Der Punto nervt dagegen mit Bewegungen in alle Richtungen. Er schaukelt über Bodenwellen, wankt und hebt sich. Als säße man nicht in einem Neuwagen, sondern in einen Gebrauchten mit ordentlich Kilometern auf der Uhr. Das Gleiche gilt für das Fünfganggetriebe. Der Hebel rührt durch alle Gassen, versehentlich landet man schon mal im dritten statt im fünften Gang. Auch in diesem Punkt ähneln sich Peugeot und Fiat, der 207 schaltet kaum besser.

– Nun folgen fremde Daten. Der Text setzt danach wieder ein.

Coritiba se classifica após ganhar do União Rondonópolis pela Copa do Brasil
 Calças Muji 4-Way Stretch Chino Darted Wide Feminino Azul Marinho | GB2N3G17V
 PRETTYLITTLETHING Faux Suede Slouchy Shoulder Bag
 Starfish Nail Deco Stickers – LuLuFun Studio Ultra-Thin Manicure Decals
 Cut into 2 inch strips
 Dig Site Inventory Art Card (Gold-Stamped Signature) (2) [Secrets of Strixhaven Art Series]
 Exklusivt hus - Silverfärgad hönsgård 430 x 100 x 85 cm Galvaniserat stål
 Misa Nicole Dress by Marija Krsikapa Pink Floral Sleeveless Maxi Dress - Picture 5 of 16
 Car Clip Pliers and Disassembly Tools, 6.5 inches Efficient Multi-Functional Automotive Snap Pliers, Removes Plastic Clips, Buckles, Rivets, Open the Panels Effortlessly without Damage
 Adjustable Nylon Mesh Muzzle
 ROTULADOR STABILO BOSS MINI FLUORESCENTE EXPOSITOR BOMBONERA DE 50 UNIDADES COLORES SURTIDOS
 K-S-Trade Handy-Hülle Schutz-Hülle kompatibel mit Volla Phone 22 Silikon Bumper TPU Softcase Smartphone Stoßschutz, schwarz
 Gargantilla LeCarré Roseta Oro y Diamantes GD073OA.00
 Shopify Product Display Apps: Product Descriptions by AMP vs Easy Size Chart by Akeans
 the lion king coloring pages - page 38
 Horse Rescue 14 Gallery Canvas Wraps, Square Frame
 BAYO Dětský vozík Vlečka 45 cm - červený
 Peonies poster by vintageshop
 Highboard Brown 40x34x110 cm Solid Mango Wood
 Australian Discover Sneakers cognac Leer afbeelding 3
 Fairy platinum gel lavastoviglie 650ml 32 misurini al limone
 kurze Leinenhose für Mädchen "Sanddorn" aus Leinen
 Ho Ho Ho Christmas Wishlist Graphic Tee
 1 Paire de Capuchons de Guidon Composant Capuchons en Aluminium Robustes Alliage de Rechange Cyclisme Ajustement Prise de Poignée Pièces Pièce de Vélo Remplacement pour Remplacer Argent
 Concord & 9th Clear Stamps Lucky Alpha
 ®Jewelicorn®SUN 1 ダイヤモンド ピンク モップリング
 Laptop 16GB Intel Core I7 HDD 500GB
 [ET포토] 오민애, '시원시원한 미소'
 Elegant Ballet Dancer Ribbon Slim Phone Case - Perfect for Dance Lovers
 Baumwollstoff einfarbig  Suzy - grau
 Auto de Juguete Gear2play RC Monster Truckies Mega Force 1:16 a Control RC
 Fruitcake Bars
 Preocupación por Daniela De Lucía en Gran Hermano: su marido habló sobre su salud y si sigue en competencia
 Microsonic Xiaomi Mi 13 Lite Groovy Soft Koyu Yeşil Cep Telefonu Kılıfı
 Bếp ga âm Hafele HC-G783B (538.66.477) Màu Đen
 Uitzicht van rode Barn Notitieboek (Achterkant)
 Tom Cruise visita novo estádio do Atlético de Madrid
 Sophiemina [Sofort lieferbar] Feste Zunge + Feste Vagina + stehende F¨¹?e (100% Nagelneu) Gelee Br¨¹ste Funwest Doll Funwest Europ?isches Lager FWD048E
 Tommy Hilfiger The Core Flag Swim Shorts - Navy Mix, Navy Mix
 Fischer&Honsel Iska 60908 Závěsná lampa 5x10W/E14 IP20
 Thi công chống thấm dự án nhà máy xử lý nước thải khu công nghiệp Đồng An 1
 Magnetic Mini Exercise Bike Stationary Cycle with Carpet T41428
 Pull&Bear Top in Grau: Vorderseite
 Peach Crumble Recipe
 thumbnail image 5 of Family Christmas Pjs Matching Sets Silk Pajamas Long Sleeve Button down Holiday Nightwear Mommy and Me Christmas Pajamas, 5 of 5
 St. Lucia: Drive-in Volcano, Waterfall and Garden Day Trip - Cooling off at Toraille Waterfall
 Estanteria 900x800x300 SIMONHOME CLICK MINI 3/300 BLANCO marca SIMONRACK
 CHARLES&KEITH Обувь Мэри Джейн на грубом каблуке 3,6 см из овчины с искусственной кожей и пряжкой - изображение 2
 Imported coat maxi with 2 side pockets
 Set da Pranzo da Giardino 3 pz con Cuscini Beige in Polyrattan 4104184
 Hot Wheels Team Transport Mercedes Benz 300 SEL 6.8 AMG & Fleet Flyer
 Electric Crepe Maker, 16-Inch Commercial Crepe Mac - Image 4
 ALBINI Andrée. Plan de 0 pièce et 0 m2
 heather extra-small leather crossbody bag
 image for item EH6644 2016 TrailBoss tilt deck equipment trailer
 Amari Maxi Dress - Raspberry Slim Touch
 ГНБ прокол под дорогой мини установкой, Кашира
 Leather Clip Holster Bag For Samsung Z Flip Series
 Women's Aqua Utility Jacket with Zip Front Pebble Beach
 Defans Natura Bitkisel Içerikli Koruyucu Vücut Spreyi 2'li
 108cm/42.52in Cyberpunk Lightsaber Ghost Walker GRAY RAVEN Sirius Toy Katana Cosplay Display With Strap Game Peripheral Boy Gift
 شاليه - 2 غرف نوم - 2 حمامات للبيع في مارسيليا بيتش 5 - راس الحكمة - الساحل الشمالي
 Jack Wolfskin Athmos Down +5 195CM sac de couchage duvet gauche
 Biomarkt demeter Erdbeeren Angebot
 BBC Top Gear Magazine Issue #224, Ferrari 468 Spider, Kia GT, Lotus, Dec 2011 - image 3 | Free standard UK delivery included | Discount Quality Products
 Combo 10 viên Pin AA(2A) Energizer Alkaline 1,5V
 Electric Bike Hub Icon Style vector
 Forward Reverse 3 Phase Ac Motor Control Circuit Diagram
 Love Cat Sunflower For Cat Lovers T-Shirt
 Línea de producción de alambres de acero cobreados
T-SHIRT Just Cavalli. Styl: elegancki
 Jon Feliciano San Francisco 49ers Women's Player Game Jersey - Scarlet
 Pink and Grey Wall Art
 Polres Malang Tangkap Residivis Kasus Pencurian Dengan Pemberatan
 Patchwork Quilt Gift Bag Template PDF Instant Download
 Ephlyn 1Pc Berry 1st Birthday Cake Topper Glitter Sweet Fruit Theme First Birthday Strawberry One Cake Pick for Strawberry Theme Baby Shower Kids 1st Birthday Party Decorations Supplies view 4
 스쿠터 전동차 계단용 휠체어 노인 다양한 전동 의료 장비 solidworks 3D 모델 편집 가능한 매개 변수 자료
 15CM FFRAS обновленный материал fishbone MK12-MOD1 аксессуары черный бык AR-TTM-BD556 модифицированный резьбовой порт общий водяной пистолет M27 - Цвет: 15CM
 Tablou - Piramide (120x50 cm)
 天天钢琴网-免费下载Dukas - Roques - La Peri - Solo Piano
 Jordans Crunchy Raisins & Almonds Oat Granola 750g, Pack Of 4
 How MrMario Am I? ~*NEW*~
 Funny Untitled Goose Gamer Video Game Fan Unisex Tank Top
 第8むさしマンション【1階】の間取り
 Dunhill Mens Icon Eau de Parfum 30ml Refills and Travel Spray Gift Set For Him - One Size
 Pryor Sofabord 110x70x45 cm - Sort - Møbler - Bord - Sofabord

Dafür schmückte Peugeot ihn hübscher aus. Irgendwie charmant, der Kleine. Bereits der Vorgänger verkaufte sich wie geschnitten Brot: mehr als 5,8 Millionen Mal bis jetzt. Den 206 baut Peugeot weiter – trotz der aktuellen Nummer. Die ist schlicht, schön mit ein wenig Silber an Bord. Das aufpreispflichtige Schiebedach (410 Euro, ab Sport) zaubert viel Licht ins Cockpit, ohne dass es böse Schatten gibt. Denn der 207 wirkt gut verarbeitet.
Interieur, CO2-Bilanz und Fazit
Etwas mehr Glanz wünschen wir uns von Seat, der Marke, die im Werbeslogan Emotionen verspricht. Die fehlen im Ibiza-Cockpit leider ganz. Dunkles Plastik in Taucheranzug-Optik, graue Sitze. Nicht einmal die schwarz hinterlegten Zifferblätter spenden Abwechslung. Vorn fehlen Ablagen für Getränke. Auch wenn die Verarbeitung im Colt nicht die beste ist, er wirkt moderner als der Ibiza. Instrumente wie im Mercedes SLK, dickes Lederlenkrad mit blauen Nähten. Im Armaturenbrett sind kleine Quadrate eingestanzt, und die Drehschalter schimmern transparent.
Nur hartes Plastik bietet der Toyota Yaris, dafür sind alle Teile nahezu perfekt aneinandergesetzt. Alle wichtigen Informationen findet der Fahrer in der Mitte, im Mäusekino. Da ist Toyota sich treu geblieben, bereits der Vorgänger forderte den tiefen Blick in den Tachotunnel. Diese Anzeige hat den Vorteil, dass sie auf Augenhöhe sitzt. Allerdings ein bisschen zu weit rechts, was den Blick von der Straße wenden lässt.
Voll im Visier der Kleinen steht der Spritverbrauch. VW und Seat ziehen sich mit 7,1 Litern im Schnitt ganz schön viel Super rein. Trinken wie die Großen, diesem Motto folgen auch Peugeot und Fiat. Nur Opel und besonders Toyota sparen mit 6,5 beziehungsweise 5,6 Litern Geld und nervige Tankstopps. Und bremsen so jede hitzige CO2-Diskussion am Stammtisch aus. Die ganze Wahrheit: Nur der Mitsubishi und Toyota schaffen den von der EU geforderten 130-Gramm-Wert, der Corsa liegt bereits nach Herstellerangaben knapp darüber (134 g). Alle anderen bewegen sich mit bis zu 150 g pro Kilometer im roten Bereich. Wirklich sauber sind die nur, wenn das Gaspedal gestreichelt wird. Hier ist also noch viel zu tun.
Fazit: Die C02-Diskussion ist mehr als bloß Zirkus, sie ist notwendig. Deshalb: Manege frei für die Stars von heute für morgen. Sieben Minis mit kleinen Benzinern. Der Toyota Yaris gewinnt mit Abstand, weil er nicht nur am günstigsten ist, sondern für den kleinen Preis am meisten Sicherheit und Variabilität bietet, zudem am wenigsten verbraucht. Der Kleine ist wirklich ein Riese. Überraschend auch der Polo: Er setzt immer noch Maßstäbe, wenn es ums Fahren geht, ebenso der Seat. Der neue Corsa verstolpert seinen Sieg durch den schwachen Dreizylinder. Peugeot mangelt es vor allem am Platz, Mitsubishi und Fiat am letzten Quentchen Qualität.